Joseph II, simply attired and travelling incognito, was just the sort of Mr Boring whom the tittering gang on the barge could not stand. Grumbling snobbishly about ‘this Catherinized Princess of Zerbst’ he did everything he could to lower the temperature. But even with Joseph on board, measuring everything, asking statistical questions and trying to find fault, it must still have been perhaps the world’s best outing. The idea of the fake ‘Potemkin villages’ put up to trick the Tsaritsa, which have been part of everyone’s consciousness ever since, was itself in fact a spiteful fabrication. Potemkin had built real palaces, real farms and real cities, albeit sometimes still in rather embryo form. What astounded Joseph as they reached the Crimea was that here was a huge new territory only just snatched from the Ottomans and already teeming with energy and glamour in a way quite beyond Habsburg power. Sebastopol had only been founded four years before and yet already had fortifications and a battle fleet. When they weren’t trying out tasty new drinks or clowning around in the former Khan of Crimea’s palace – where Joseph seems to have bought himself a Circassian slave girl, a rare but almost welcome lapse into mere hypocrisy – there was serious business to be discussed.

Since Joseph had become Holy Roman Emperor in 1765 there had been an astounding and unnerving transformation in the world to the east of Vienna: two entities fundamental to European history for centuries, Poland and the Ottoman Empire, suddenly looked vulnerable. The first to crack was Poland. The eighteenth century had been full of schemes for partition of various European states. Catherine’s predecessor, the Tsaritsa Elizabeth, had intended to end the existence of Prussia, splitting it up between its neighbours: a fate Frederick the Great only avoided through her death and one which the kingdom would only miss by inches once Napoleon invaded it.

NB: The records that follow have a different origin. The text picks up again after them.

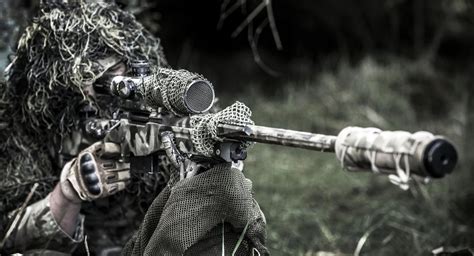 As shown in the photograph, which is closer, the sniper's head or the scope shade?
the scope shade

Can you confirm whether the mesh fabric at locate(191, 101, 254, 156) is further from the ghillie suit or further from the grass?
the grass

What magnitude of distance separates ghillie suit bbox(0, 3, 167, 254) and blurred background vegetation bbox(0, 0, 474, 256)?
459mm

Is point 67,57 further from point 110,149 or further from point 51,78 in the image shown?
point 110,149

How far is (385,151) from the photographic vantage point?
2.46 metres

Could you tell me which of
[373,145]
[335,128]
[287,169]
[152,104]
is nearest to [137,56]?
[152,104]

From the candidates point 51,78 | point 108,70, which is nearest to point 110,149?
point 108,70

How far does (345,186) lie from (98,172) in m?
3.59

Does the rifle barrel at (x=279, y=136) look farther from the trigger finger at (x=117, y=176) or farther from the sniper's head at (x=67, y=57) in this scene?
the sniper's head at (x=67, y=57)

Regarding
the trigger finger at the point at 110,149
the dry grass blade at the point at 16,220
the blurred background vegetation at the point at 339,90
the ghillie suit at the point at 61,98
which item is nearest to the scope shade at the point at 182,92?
the trigger finger at the point at 110,149

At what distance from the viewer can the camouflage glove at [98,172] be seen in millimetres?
3707

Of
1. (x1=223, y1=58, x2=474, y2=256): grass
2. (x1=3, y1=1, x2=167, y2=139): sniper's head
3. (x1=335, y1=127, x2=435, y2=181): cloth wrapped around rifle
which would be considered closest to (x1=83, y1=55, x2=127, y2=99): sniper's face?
(x1=3, y1=1, x2=167, y2=139): sniper's head

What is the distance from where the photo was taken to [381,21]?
10602 millimetres

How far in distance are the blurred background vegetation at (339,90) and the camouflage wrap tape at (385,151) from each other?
206 centimetres

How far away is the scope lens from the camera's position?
123 inches
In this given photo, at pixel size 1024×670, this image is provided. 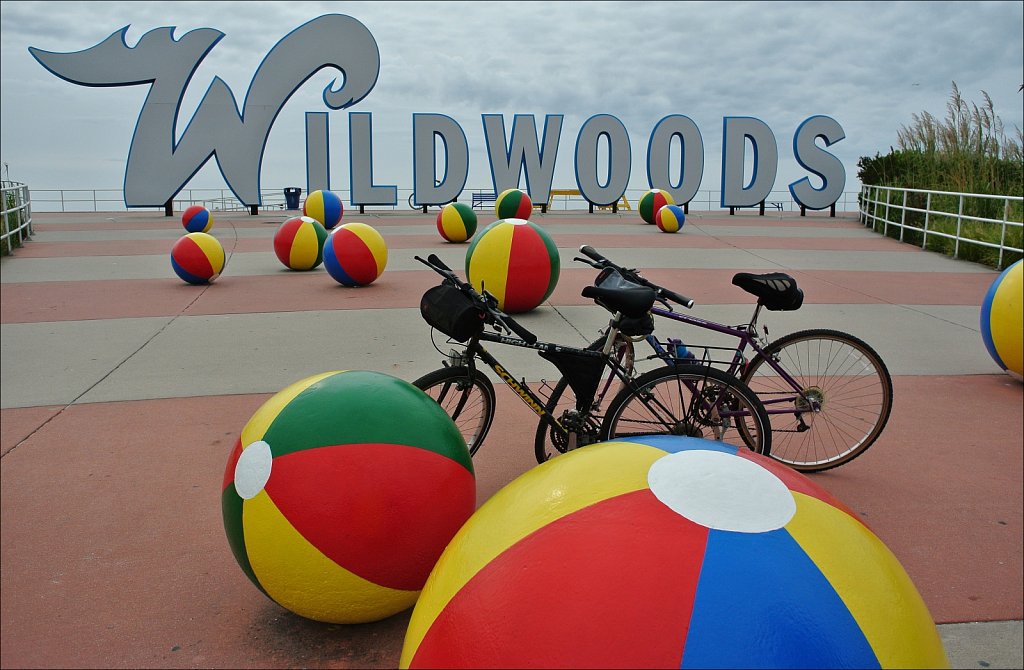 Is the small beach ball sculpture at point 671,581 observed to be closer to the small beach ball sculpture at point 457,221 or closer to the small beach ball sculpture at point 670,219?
the small beach ball sculpture at point 457,221

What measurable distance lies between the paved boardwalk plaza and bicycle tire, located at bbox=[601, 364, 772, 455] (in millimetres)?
818

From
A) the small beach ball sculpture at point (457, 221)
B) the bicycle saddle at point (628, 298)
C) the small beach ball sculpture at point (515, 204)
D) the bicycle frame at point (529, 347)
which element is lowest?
the bicycle frame at point (529, 347)

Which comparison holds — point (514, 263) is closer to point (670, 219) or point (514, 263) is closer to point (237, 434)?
point (237, 434)

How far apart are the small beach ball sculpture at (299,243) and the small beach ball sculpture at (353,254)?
1.79 metres

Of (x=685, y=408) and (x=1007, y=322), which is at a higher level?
(x=1007, y=322)

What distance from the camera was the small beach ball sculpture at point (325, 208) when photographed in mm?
21500

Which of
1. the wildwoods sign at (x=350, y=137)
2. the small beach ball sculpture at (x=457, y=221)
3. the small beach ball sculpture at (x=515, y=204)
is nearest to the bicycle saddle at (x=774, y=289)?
the small beach ball sculpture at (x=457, y=221)

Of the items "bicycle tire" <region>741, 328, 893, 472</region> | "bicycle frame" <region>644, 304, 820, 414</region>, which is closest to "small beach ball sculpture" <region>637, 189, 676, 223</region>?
"bicycle tire" <region>741, 328, 893, 472</region>

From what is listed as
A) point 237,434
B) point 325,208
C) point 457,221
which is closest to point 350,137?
point 325,208

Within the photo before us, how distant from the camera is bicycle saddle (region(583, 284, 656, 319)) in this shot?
4.23 metres

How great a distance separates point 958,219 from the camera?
53.9ft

Bits of Italy were always being hacked about or swapped, and Sweden’s empire had been liquidated earlier in the century. Poland was different: a big, ancient state whose rulers had held the eastern marches against Tatar raids and who had rescued the Habsburg monarchy in lifting the Siege of Vienna in 1683. The country had been weakened since that high point, not least through its catastrophic seventy-year period of rule by the vainglorious and inept Electors of Saxony.

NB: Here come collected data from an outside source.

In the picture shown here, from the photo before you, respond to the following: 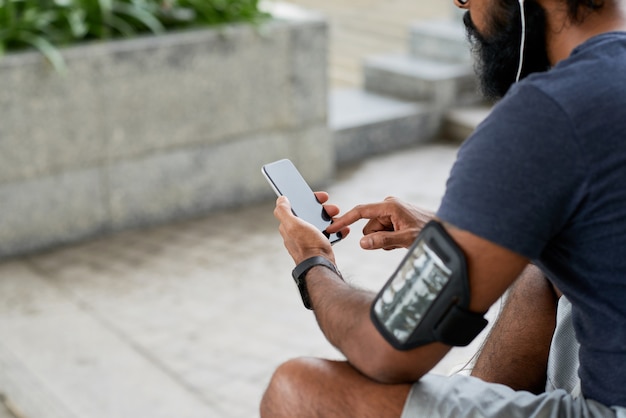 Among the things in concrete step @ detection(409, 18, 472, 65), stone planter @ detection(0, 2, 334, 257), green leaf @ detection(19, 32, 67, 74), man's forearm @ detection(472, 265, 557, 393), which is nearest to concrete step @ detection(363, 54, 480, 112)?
concrete step @ detection(409, 18, 472, 65)

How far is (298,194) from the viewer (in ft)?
7.61

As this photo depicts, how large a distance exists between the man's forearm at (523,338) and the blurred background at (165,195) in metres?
0.92

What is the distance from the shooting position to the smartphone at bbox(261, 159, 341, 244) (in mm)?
2268

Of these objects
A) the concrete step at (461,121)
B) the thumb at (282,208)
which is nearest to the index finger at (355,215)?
the thumb at (282,208)

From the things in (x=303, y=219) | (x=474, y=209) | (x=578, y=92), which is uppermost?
(x=578, y=92)

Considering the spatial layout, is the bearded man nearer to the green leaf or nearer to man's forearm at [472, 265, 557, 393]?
man's forearm at [472, 265, 557, 393]

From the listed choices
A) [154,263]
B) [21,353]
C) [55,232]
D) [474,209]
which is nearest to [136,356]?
[21,353]

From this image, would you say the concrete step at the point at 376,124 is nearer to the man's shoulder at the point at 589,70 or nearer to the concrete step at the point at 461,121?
the concrete step at the point at 461,121

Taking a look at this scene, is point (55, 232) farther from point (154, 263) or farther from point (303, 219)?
point (303, 219)

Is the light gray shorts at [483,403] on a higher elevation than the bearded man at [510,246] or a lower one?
lower

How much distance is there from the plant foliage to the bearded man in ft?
8.83

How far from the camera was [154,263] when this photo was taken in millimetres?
4344

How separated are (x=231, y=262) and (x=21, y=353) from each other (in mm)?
1036

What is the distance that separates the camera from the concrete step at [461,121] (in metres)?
5.84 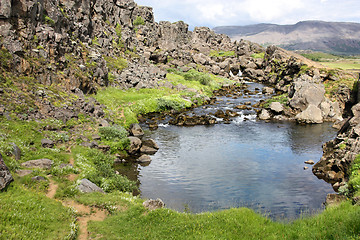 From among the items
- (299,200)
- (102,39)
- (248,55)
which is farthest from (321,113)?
(248,55)

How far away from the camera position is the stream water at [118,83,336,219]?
24016 millimetres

The Russians simply used the Saxon kings of Poland as puppets. The Poles tried everything to get out of their terrible position, but neither the Prussians to the north-west nor the Russians to the east had an interest in helping them. When the Poles tried to set up a customs service, Frederick the Great built a fort on the Vistula to fire on the customs vessels. Frederick also entertained himself by flooding Poland with debased fake coinage as a technocratic way of destroying its economy. By the mid-eighteenth-century wars Russian and Prussian troops simply ignored Poland’s sovereignty, marching across its lands, requisitioning and plundering without reference to the authorities.

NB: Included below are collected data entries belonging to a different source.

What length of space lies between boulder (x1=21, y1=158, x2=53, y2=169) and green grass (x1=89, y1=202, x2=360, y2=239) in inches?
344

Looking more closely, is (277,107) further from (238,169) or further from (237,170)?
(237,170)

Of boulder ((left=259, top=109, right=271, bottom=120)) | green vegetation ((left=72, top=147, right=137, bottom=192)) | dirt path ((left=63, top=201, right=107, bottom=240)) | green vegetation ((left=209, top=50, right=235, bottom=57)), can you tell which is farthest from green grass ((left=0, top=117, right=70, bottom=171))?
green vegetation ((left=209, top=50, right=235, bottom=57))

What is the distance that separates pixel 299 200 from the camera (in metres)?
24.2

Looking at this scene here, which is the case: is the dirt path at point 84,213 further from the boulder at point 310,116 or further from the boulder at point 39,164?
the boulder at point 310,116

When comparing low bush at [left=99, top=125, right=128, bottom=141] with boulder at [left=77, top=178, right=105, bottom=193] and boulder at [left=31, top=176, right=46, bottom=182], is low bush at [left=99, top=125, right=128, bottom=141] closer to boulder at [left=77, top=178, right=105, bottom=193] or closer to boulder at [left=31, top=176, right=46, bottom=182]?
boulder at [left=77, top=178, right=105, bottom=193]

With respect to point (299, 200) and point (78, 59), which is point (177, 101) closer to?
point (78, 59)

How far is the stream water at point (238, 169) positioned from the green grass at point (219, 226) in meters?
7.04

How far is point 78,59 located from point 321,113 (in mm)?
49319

The chaos, bitterness and bad faith came to a head in 1773. Surrounded by stronger states, its economy in ruins and its towns actually shrinking at a time when much of the rest of Europe was booming, Poland was carved up between Prussia, Russia and Austria. The term ‘the First Partition’ sounds rational and almost surgical, but it was achieved with enormous violence against heavy Polish resistance. Engineered principally by Frederick the Great, the partition took the form of Prussia cutting out a block of land in the north-west and the Russians a far larger, but more thinly settled piece in the east. Maria Theresa was unhappy about the idea (justifiably, given that it was a moral outrage) but in the end she, Joseph and particularly her key adviser Kaunitz could not resist such enrichment and took a broad chunk of territory in the south-east, running along the far side of the Carpathians. This removed about a third of Poland’s territory and rendered the remains, which were now to all practical purposes a Russian protectorate, unviable.